[Material for this task — start]

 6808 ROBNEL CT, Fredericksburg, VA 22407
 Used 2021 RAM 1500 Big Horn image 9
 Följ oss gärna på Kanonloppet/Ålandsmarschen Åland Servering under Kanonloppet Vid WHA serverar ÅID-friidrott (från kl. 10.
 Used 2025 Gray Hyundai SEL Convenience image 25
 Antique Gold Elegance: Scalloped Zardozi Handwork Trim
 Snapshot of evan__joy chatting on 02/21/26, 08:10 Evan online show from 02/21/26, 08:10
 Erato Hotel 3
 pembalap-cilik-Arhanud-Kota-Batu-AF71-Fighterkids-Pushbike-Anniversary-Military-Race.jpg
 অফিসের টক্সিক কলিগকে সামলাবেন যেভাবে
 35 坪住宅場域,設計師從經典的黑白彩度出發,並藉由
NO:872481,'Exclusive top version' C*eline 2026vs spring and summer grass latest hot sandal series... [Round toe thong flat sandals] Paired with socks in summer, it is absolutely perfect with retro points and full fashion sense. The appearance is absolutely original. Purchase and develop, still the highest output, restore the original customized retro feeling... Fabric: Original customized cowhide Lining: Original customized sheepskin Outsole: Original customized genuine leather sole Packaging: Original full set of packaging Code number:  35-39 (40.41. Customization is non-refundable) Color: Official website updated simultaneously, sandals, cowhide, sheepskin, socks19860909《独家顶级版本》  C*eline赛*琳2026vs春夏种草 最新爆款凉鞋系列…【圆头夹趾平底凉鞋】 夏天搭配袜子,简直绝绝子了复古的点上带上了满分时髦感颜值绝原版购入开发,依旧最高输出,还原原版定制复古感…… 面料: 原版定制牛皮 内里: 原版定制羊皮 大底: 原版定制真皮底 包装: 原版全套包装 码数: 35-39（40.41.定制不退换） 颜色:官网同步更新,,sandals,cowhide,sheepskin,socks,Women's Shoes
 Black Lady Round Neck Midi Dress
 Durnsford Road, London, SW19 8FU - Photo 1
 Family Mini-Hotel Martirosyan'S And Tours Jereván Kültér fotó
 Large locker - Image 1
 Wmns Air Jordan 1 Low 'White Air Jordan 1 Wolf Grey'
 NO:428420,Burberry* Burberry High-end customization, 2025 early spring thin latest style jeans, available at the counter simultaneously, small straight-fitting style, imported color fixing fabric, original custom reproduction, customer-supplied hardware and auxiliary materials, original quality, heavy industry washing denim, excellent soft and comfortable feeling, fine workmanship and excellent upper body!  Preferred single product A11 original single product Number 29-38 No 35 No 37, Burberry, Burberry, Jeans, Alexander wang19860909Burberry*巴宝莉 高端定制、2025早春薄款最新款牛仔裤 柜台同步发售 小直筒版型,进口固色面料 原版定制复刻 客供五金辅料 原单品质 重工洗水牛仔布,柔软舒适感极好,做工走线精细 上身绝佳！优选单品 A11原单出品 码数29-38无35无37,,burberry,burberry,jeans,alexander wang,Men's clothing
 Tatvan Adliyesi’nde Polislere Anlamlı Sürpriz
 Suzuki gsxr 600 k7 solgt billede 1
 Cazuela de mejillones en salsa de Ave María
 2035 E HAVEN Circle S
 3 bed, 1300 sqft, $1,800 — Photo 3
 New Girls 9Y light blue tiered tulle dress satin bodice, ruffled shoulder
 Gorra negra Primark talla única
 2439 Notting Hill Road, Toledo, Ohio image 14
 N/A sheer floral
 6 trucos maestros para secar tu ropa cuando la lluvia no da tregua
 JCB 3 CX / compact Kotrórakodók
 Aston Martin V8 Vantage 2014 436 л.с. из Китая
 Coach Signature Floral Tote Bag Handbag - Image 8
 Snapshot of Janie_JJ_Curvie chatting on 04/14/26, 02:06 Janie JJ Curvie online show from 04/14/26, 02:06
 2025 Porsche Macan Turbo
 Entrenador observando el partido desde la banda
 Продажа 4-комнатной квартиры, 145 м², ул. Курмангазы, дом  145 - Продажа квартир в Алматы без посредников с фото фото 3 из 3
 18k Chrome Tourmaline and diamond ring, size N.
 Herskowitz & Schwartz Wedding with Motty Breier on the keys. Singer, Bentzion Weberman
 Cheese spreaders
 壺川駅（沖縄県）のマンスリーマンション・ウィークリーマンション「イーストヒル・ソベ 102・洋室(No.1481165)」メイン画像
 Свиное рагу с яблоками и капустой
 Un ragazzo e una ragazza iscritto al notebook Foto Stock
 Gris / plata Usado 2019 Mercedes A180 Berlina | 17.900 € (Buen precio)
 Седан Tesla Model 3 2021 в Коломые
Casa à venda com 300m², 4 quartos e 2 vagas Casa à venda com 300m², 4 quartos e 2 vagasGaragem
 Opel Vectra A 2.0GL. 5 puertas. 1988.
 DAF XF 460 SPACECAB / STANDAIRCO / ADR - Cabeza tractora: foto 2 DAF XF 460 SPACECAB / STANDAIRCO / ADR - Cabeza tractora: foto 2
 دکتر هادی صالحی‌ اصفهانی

[Material for this task — finish]

What the exercise asks:
Copy out each line of the data above, exactly, if it lies between the line holding "Black Lady Round Neck Midi Dress" and the line holding "JCB 3 CX / compact Kotrórakodók", inclusive; copy no other line.

Task solution:
 Black Lady Round Neck Midi Dress
 Durnsford Road, London, SW19 8FU - Photo 1
 Family Mini-Hotel Martirosyan'S And Tours Jereván Kültér fotó
 Large locker - Image 1
 Wmns Air Jordan 1 Low 'White Air Jordan 1 Wolf Grey'
 NO:428420,Burberry* Burberry High-end customization, 2025 early spring thin latest style jeans, available at the counter simultaneously, small straight-fitting style, imported color fixing fabric, original custom reproduction, customer-supplied hardware and auxiliary materials, original quality, heavy industry washing denim, excellent soft and comfortable feeling, fine workmanship and excellent upper body!  Preferred single product A11 original single product Number 29-38 No 35 No 37, Burberry, Burberry, Jeans, Alexander wang19860909Burberry*巴宝莉 高端定制、2025早春薄款最新款牛仔裤 柜台同步发售 小直筒版型,进口固色面料 原版定制复刻 客供五金辅料 原单品质 重工洗水牛仔布,柔软舒适感极好,做工走线精细 上身绝佳！优选单品 A11原单出品 码数29-38无35无37,,burberry,burberry,jeans,alexander wang,Men's clothing
 Tatvan Adliyesi’nde Polislere Anlamlı Sürpriz
 Suzuki gsxr 600 k7 solgt billede 1
 Cazuela de mejillones en salsa de Ave María
 2035 E HAVEN Circle S
 3 bed, 1300 sqft, $1,800 — Photo 3
 New Girls 9Y light blue tiered tulle dress satin bodice, ruffled shoulder
 Gorra negra Primark talla única
 2439 Notting Hill Road, Toledo, Ohio image 14
 N/A sheer floral
 6 trucos maestros para secar tu ropa cuando la lluvia no da tregua
 JCB 3 CX / compact Kotrórakodók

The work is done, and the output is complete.